He held claims in present-day Lowertown St. Paul, Bottineau neighborhood in Nordeast, Elk River, Osseo and further outstate. But his fortune came from his experience, rising into a “celebrity adventure guide” by the 1850s. He negotiated Indian treaties, established new towns, and laid trails for the Northern Pacific railroad — precursor to the Burlington Northern and Sante Fe (BNSF) of the present-day corridor. Before there was even the northwest suburbs, maps called it “Bottineau’s Prairie.”
Minneapolis had over 165,000 people in the 1890s when Bottineau died and his influence continues into post-modernity. North Minneapolis leaders now wonder how can the legacy of Bottineau, an outcast who defied the odds and rose to prominence, can be fulfilled by the LRT line being named for him.
The Final Line
At stakeholder meetings held this summer by the Bottineau Transitway leaders in Robbinsdale City Hall and at Northside’s UROC facility, citizens saw the study’s two-year process culminating in a final recommendation for a light rail train. While suburban leaders grumble over which strip mall the train should link up to, where the LRT routes through Minneapolis is growing to be the hot-button point of contention.

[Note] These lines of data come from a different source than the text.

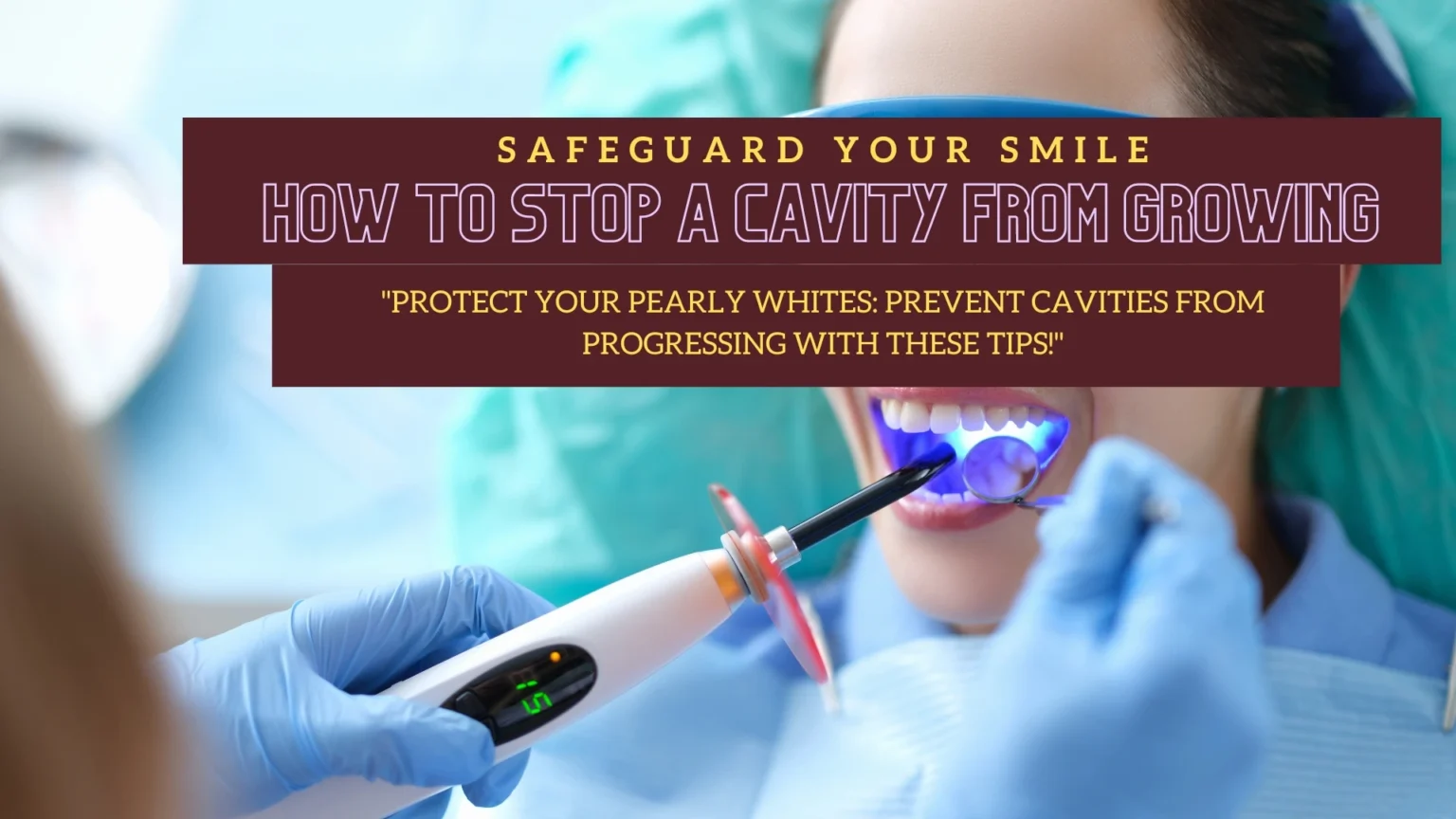 Safeguard Your Smile: How to Stop a Cavity from Growing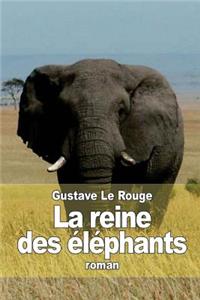reine des éléphants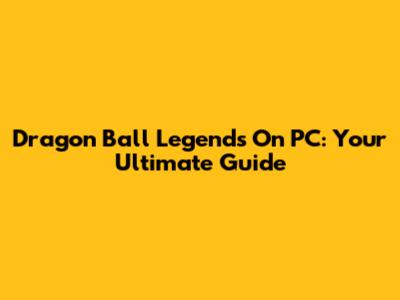 Dragon Ball Legends On PC: Your Ultimate Guide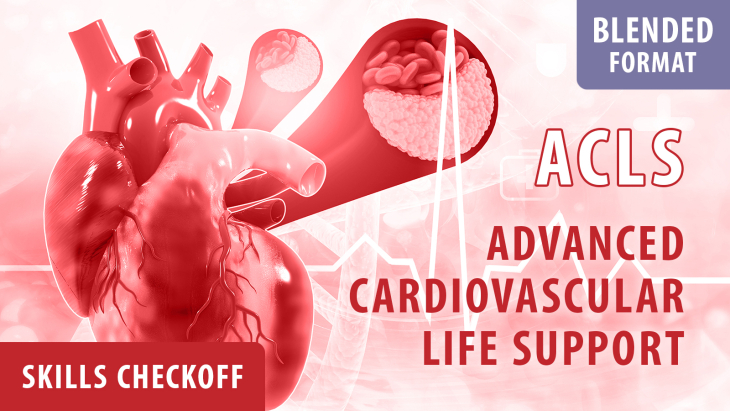 Advanced Cardiovascular Life Support (ACLS) HeartCode® 2025 Hands-on Skills Checkoff ONLY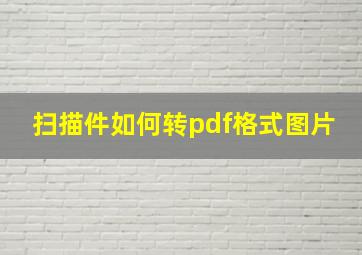 扫描件如何转pdf格式图片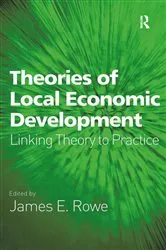 Book cover of Theories of Local Economic Development by James E. Rowe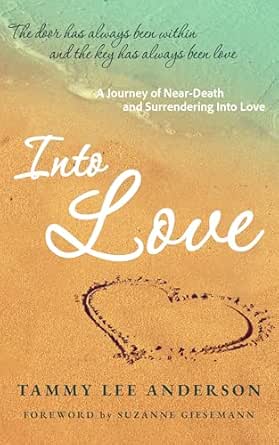 Amazon Into Love A Journey Of Near Death And Surrendering Into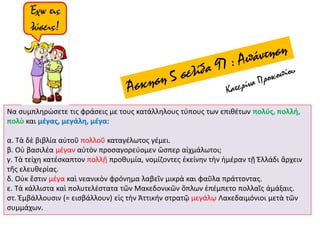 Να συμπληρώσετε τις φράσεις με τους κατάλληλους τύπους των επιθέτων πολύς, πολλή,
πολὺ και μέγας, μεγάλη, μέγα:
α. Τὰ δὲ βιβλία αὐτοῦ πολλοῦ καταγέλωτος γέμει.
β. Οὐ βασιλέα μέγαν αὐτὸν προσαγορεύομεν ὥσπερ αἰχμάλωτοι;
γ. Τὰ τείχη κατέσκαπτον πολλῇ προθυμία, νομίζοντες ἐκείνην τὴν ἡμέραν τῇ Ἐλλάδι ἄρχειν
τῆς ελευθερίας.
δ. Οὐκ ἔστιν μέγα καὶ νεανικὸν φρόνημα λαβεῖν μικρὰ και φαῦλα πράττοντας.
ε. Τὰ κάλλιστα καὶ πολυτελέστατα τῶν Μακεδονικῶν ὅπλων ἐπέμπετο πολλαῖς ἁμάξαις.
στ. Ἐμβάλλουσιν (= εισβάλλουν) εἰς τὴν Ἀττικήν στρατῷ μεγάλῳ Λακεδαιμόνιοι μετὰ τῶν
συμμάχων.
 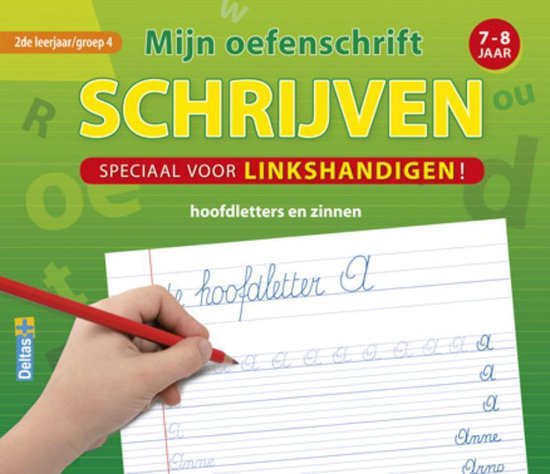 Mijn oefenschrift schrijven 7-8 jaar Hoofdletters en zinnen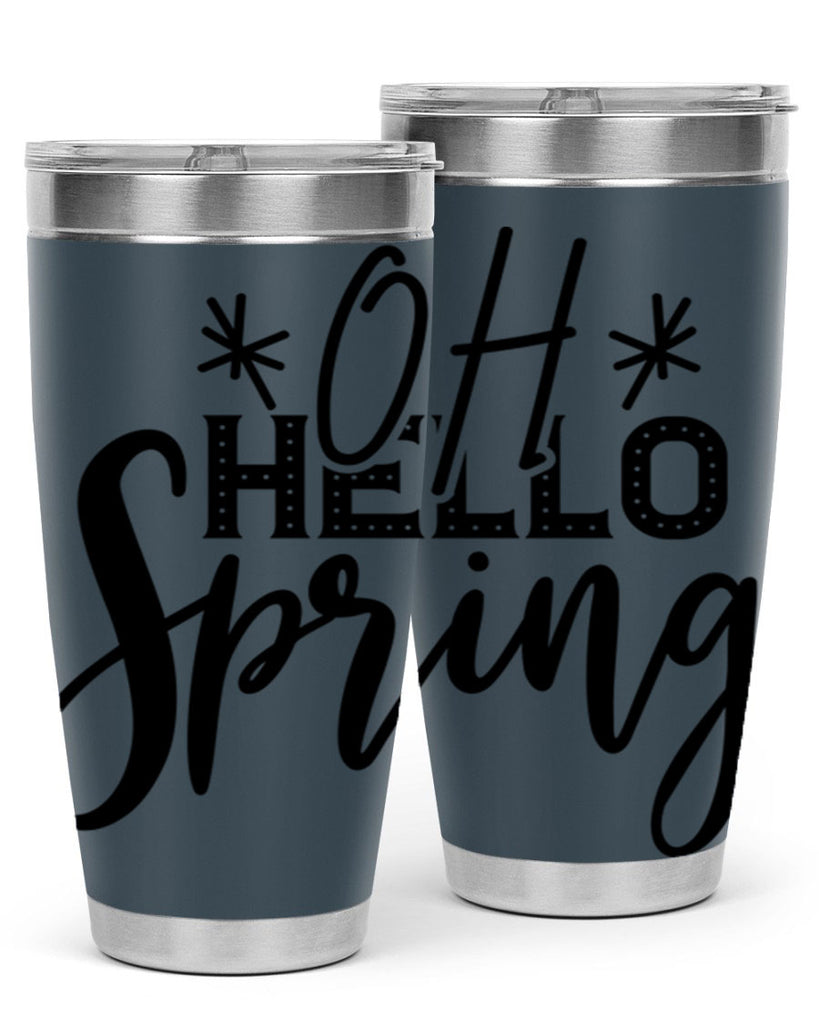 OH HELLO SPRING  383#- spring- Tumbler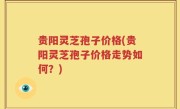 贵阳灵芝孢子价格(贵阳灵芝孢子价格走势如何？)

Now inner-city groups are evaluating final routes “Segment D1 (BNSF Railroad Corridor)” and “Segment D2 (West Broadway/Penn Avenue).” Neighbors voiced opposition to the D1 routing that would completely bypass Northside, running along BNSF tracks and cut east along Olson Memorial Highway. Two bus routes intersect two of the stations but the stations 1/2 mile walking distance is further under-served by poor sidewalk connections. The D2 alignment tells a different story, jumping onto West Broadway and steering south along Penn Avenue, encompassing an area that has seen high crime rates. But the D1′s two stations now sit in the heart of Northside. For city leaders they see it as symbols of hope and change while suburban leaders see it as bullets flying during their evening commute.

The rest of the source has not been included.